AMD e Fujitsu hanno annunciato una nuova società per la produzione di memorie Flash che commercializzeranno sotto il nuovo brand Spansion


Sunnyvale (USA) – AMD e Fujitsu hanno annunciato la costituzione di una nuova joint venture sui semiconduttori per la produzione di memorie Flash che verranno commercializzate con il brand Spansion . La nuova società, FASL LLC, è stata formata integrando le rispettive attività delle due partner nel segmento delle memorie Flash e, secondo AMD, costituisce il maggior produttore mondiale di memorie Flash con risorse dedicate.

Il nuovo colosso, che include beni per un valore netto di circa 3 miliardi di dollari e conta circa 7.000 dipendenti, è controllato al 60% da AMD e al 40% da Fujitsu: entrambe commercializzeranno le memorie Flash Spansion in tutto il mondo.

“Intendiamo trasformare le memorie Flash Spansion nel brand dominante sul mercato delle memorie”, ha dichiarato il dr. Bertrand Cambou, presidente e CEO di FASL LLC. “Il marchio Spansion simboleggia nuovi orizzonti e identifica nuove opportunità per i nostri clienti, aiutandoli a creare prodotti caratterizzati da un maggior valore e da una più ampia differenziazione. Crediamo che l?insieme dell?attenzione nei confronti dei clienti, della tecnologia di nuova generazione, del design di processo e della produzione integrata, ci aiuterà ad emergere come leader mondiale nelle memorie Flash”.

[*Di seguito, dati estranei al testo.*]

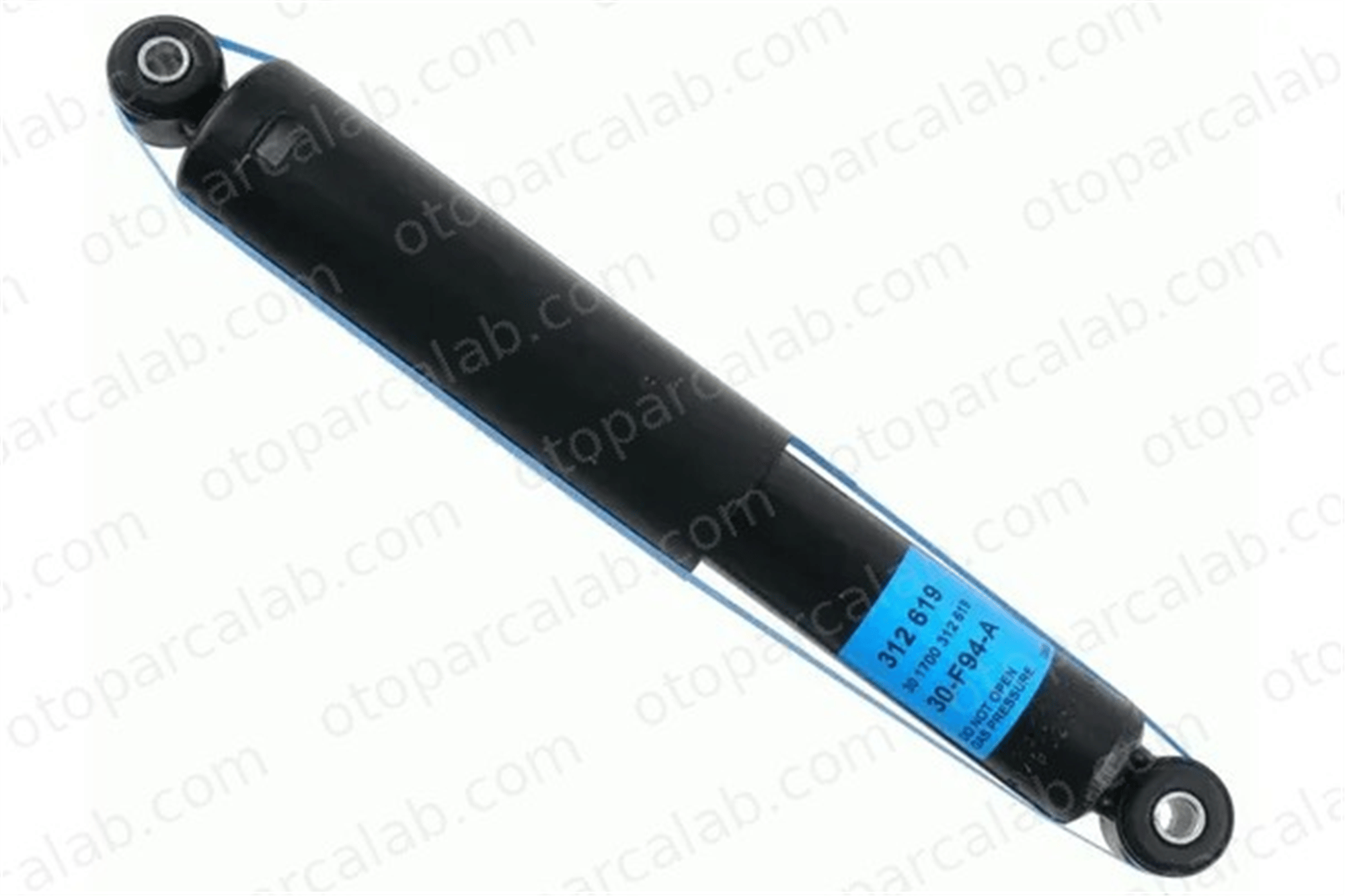 SACHS 312 619 Amortisör Arka Sağ veya Sol LADA NIVA SUV 21232915004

AMD ha contribuito alla nuova società con il proprio Flash Memory Group, con l’impianto Fab 25 situato ad Austin, nel Texas, con il centro di ricerca e sviluppo denominato Submicron Development Center (SDC) di Sunnyvale, in California, e con gli impianti di assemblaggio e collaudo finale delle memorie Flash situati in Tailandia, Malesia e Cina. Fujitsu ha contribuito con la propria Flash Memory Business Division e con gli impianti di assemblaggio e collaudo finale di Fujitsu Microelectronics (Malaysia) Sdn Bhd. Fujitsu e AMD hanno inoltre contribuito congiuntamente alla creazione della nuova società con la joint-venture originaria, Fujitsu AMD Semiconductor Limited, situata ad Aizu-Wakamatsu, in Giappone.

“La nuova società nasce imponendosi nel mercato delle memorie Flash con un management di rilievo e con risorse ideali per garantirne il successo”, ha commentato Hector Ruiz, presidente e CEO di AMD. “Abbiamo creato questa joint-venture per far leva su efficienze operative globali e disporre della flessibilità necessaria a soddisfare le esigenze di un mercato in rapido mutamento. Un’unica linea di prodotti abbinata al brand Spansion aumenta la focalizzazione e le sinergie nelle attività di design, gestione e marketing”.

AMD e Fujitsu, che cooperano nel settore delle memorie non volatili dal 1993, hanno l’obiettivo di imporsi con maggior forza su uno dei mercati più promettenti nel settore dei semiconduttori, lo stesso dove Intel è fra le leader.

Le memorie Flash Spansion sono basate sull’architettura MirrorBit e coprono una vasta gamma di mercati, da quello wireless a quello automobilistico, da quello del networking a quello dell’elettronica di consumo.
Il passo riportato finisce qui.